Task directions:
Would you please print exactly the lines that run from the one with "Bags *No Handles* 1000/cs" to the last line of the data, both included, without any pictures?

Exercise data:

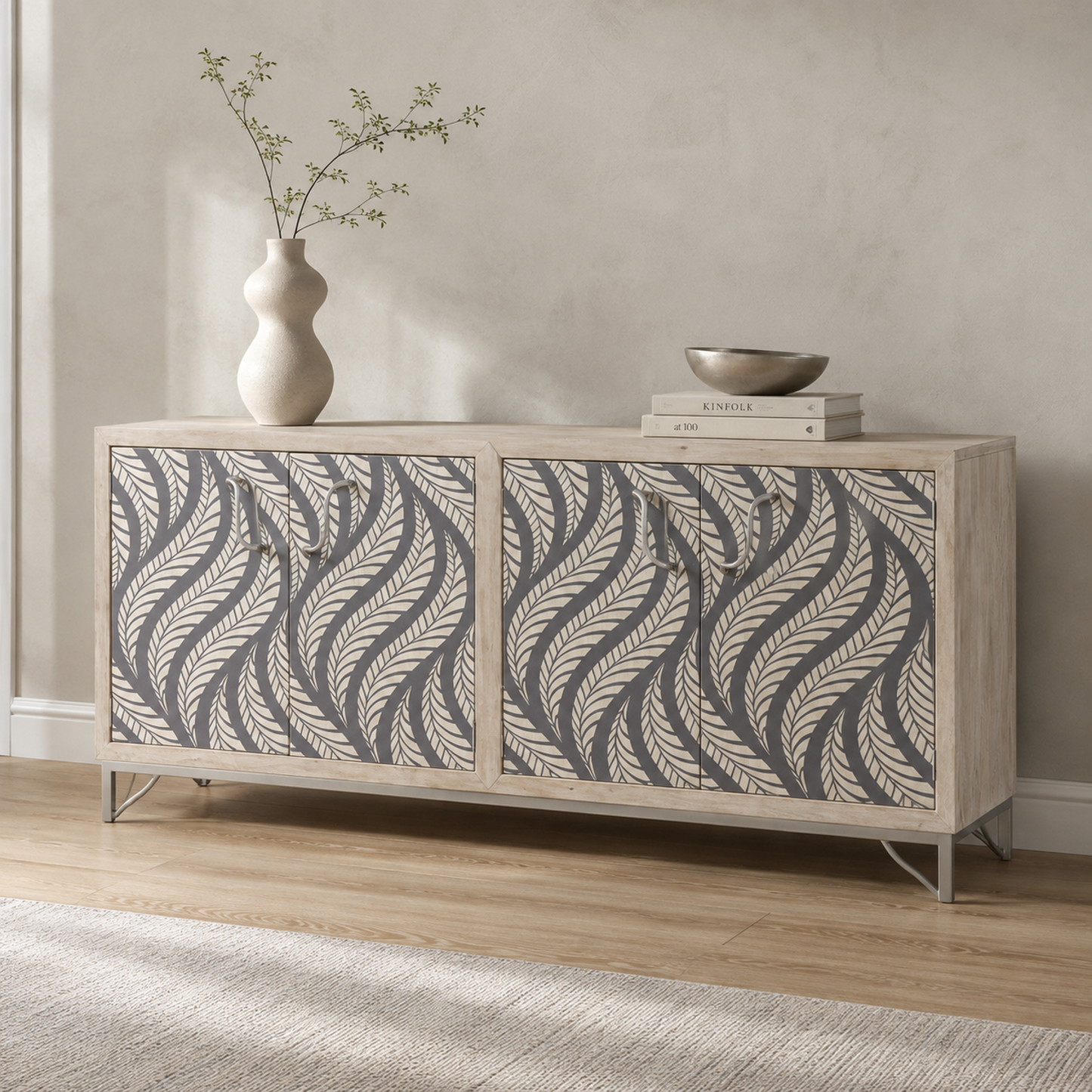 Leia Server - Main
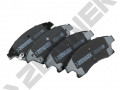Disc brake pads DBP0220_2
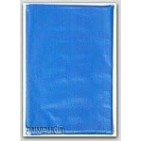 6-1/4x9-1/4" Blue HDPE Merchandise Bags *No Handles* 1000/cs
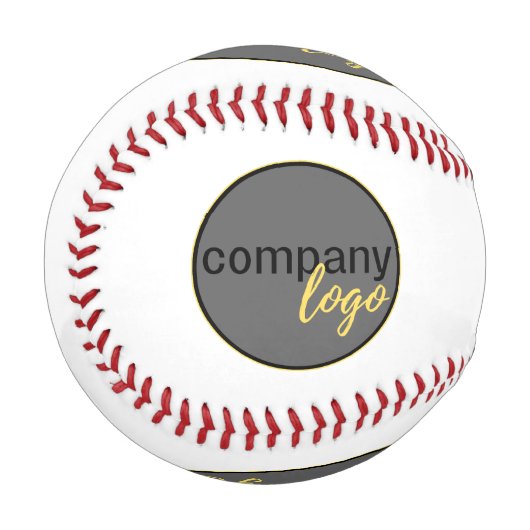 ERSTELLEN SIE IHRE EIGENE LOGO-GESCHÄFTSGESELLSCHA BASEBALL (Rückseite Rechts)
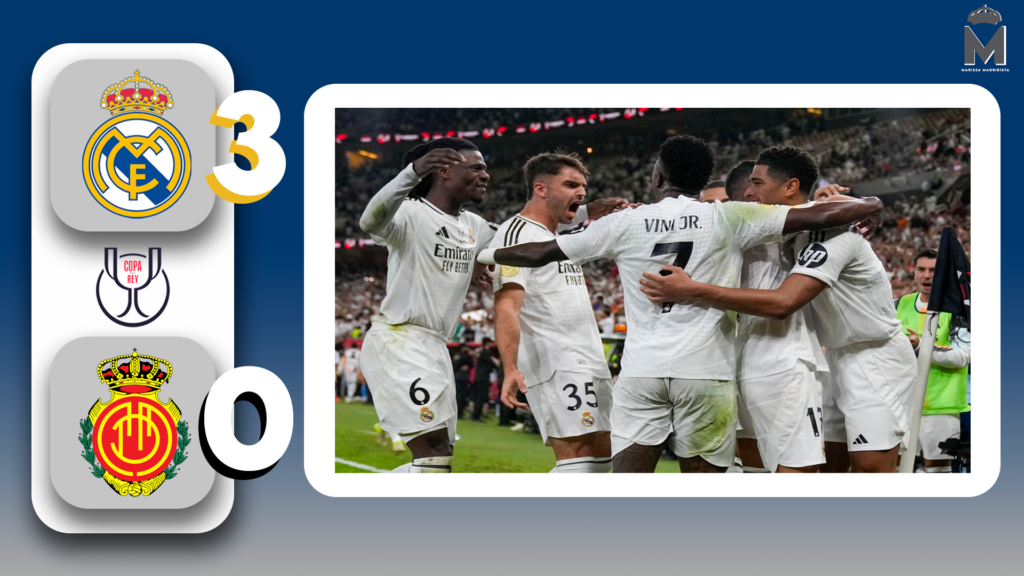 Semifinal supercopa Real Madrid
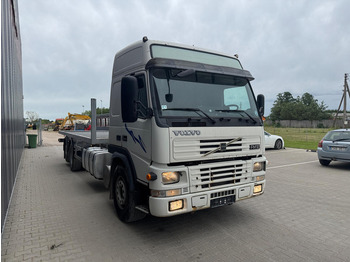 Platós teherautó Volvo FM 12.420 without crane: 2 kép.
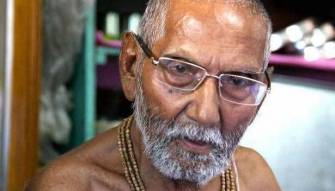 أكبر رجل في العالم: عمري 120 عاماً بفضل عذريتي!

Task response:
 6-1/4x9-1/4" Blue HDPE Merchandise Bags *No Handles* 1000/cs
 ERSTELLEN SIE IHRE EIGENE LOGO-GESCHÄFTSGESELLSCHA BASEBALL (Rückseite Rechts)
 Semifinal supercopa Real Madrid
 Platós teherautó Volvo FM 12.420 without crane: 2 kép.
 أكبر رجل في العالم: عمري 120 عاماً بفضل عذريتي!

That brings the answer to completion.